Partout ils peuvent embrasser leurs parens.
Je ne voudrais pas qu'ils vissent leur père dans un lieu qui pourrait mêler à leur tendresse des sentimens de crainte, et troubler le cours naturel de leur sang jeune et généreux. Ils sont heureux; ils dorment tranquilles; ils ignorent que leur père n'est qu'un malheureux proscrit. Je sais bien que leur destinée sera la même un jour; mais qu'ils ne la reçoivent qu'à titre de succession, et non pas comme un droit de leur enfance même. Leurs sens ouverts aux inspirations de l'amour le sont également à celles de la terreur; et cette obscure humidité, et ces eaux verdâtres et fangeuses qui flottent au-dessus de cet horrible asile, – ce cachot lui-même, creusé au-dessous de la source des eaux, et enfermant dans chaque crevasse un germe pestilentiel; tout cela pourrait être à craindre pour eux: ce n'est pas leur atmosphère, bien que vous, – vous aussi, – et avant tous les autres, et comme en étant le plus digne, -vous, noble Lorédano, vous puissiez respirer ici sans le moindre danger.
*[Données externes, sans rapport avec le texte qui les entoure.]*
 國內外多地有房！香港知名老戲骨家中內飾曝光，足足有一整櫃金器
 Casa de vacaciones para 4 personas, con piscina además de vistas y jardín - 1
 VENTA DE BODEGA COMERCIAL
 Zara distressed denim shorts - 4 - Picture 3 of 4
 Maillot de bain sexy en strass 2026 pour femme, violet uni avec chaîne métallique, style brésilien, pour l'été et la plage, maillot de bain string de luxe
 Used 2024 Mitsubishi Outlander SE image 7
Je n'avais pas fait ces réflexions; je les approuve. Ainsi, je m'éloignerai sans les avoir vus.
Non; il n'en sera rien: vous les verrez dans mon appartement.
Et faudra-t-il tous les quitter?
Il le faut.
Sans une seule exception?
Ils sont le bien de l'état.
Je supposais qu'ils étaient le mien.
Ils le sont, en effet, dans tout ce qui se rapporte à la puissance maternelle.
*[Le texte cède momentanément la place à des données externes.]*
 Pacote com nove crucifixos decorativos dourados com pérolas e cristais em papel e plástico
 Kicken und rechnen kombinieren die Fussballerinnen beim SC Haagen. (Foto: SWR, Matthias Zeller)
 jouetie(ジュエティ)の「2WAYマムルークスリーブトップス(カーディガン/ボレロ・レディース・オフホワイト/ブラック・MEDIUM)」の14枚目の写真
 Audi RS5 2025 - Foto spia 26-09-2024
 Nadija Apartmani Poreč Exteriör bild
C'est-à-dire, dans tous les soins pénibles. Sont-ils malades? on me les confiera pour les soigner; meurent-ils? c'est à moi qu'il appartiendra de les pleurer, de les ensevelir; mais s'ils vivent, vous en ferez des soldats, des sénateurs, des esclaves, des proscrits, – ce que vous voudrez; ou s'ils sont de l'autre sexe et doués d'un patrimoine, des épouses et des courtisanes! Admirable sollicitude de l'état pour ses fils et les mères de ses fils!
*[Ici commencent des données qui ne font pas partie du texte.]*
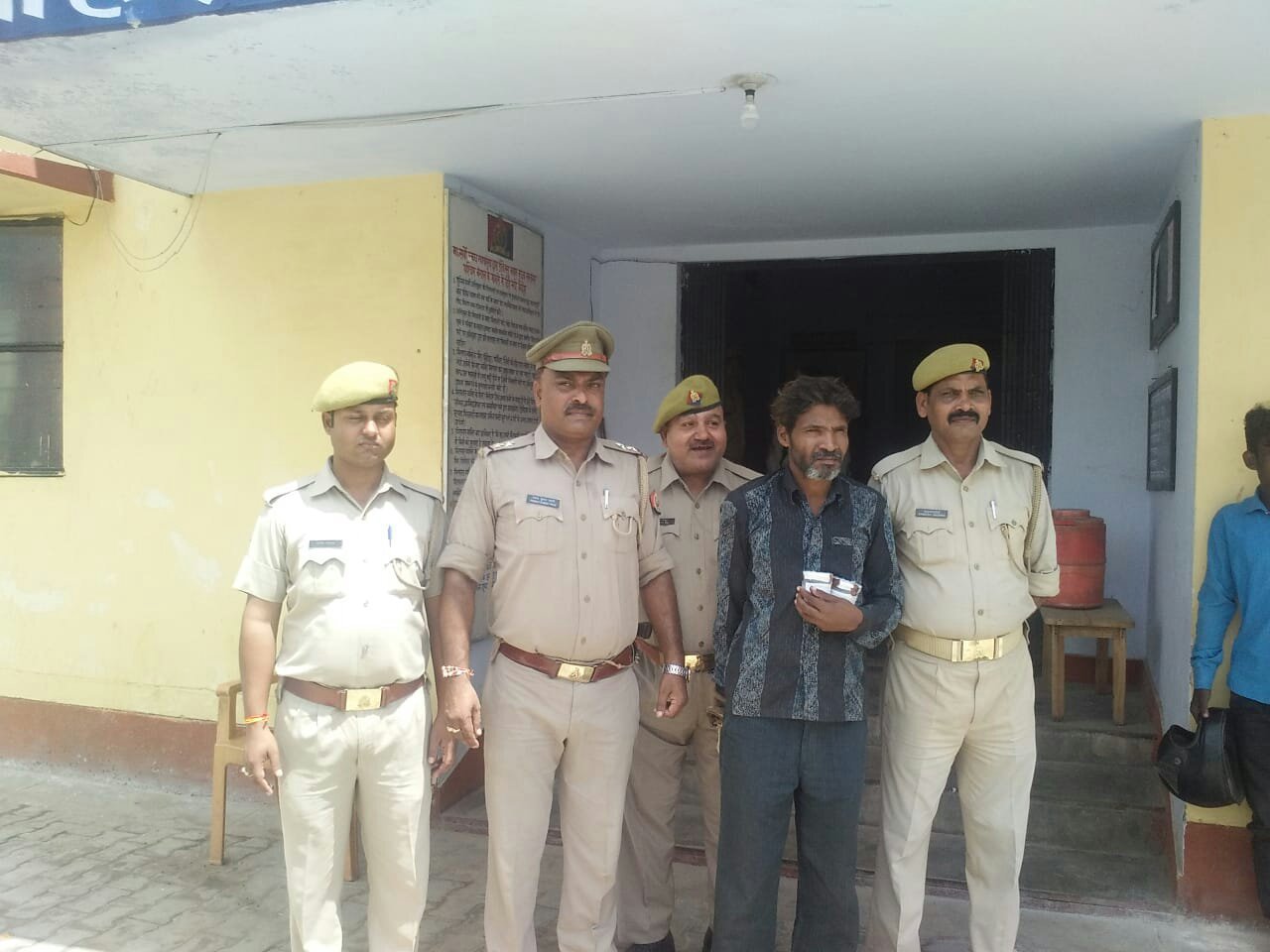 पैंतालिस ग्राम स्मैक के साथ वांटेड आरोपी गिरफ्तार | New India Times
L'heure approche, et les vents sont favorables.
Qu'en savez-vous ici, où jamais les vents n'ont soufflé dans leur liberté?
Ils l'étaient quand j'entrai ici. La galère flottait à une portée d'arc de la riva di Schiavoni.
Mon père, précédez-moi, je vous prie, et préparez mes enfans à voir leur père.
Allons, mon fils, du courage!
Je ferai tous mes efforts.
Adieu, du moins, à cet infâme donjon, et à celui aux bons offices duquel nous sommes en partie redevables de notre captivité passée.
Et de la délivrance présente.
Il dit vrai.
Sans doute; mais je ne lui dois qu'un échange de mes chaînes pour des chaînes plus pesantes. Il le savait bien, ou il ne l'eût pas sollicité; mais je ne lui reproche rien.
Le tems presse, signor.
Hélas! pouvais-je penser que je quitterais jamais avec douleur un pareil séjour!